- Data shown
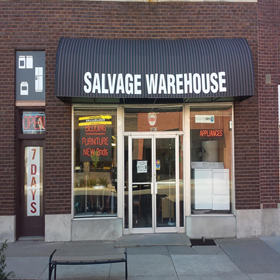 Seller Logo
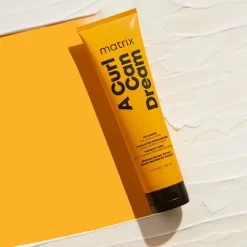 A Curl Can Dream Routine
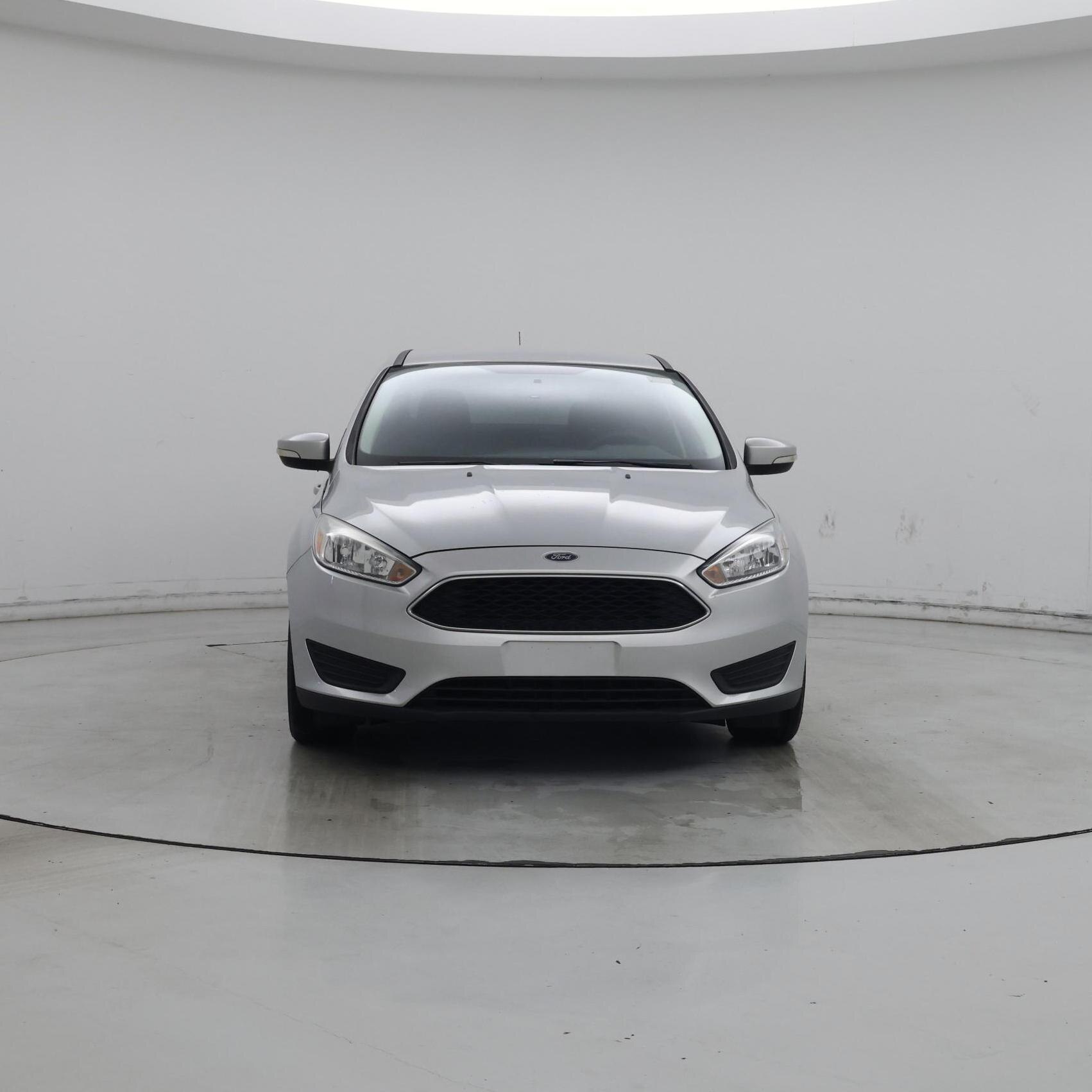 Thumbnail: 2017 Ford Focus - 5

- What the exercise asks
Whenever images occur above, omit them and retype each line exactly as it stands.

- Exercise result
 Seller Logo
 A Curl Can Dream Routine
 Thumbnail: 2017 Ford Focus - 5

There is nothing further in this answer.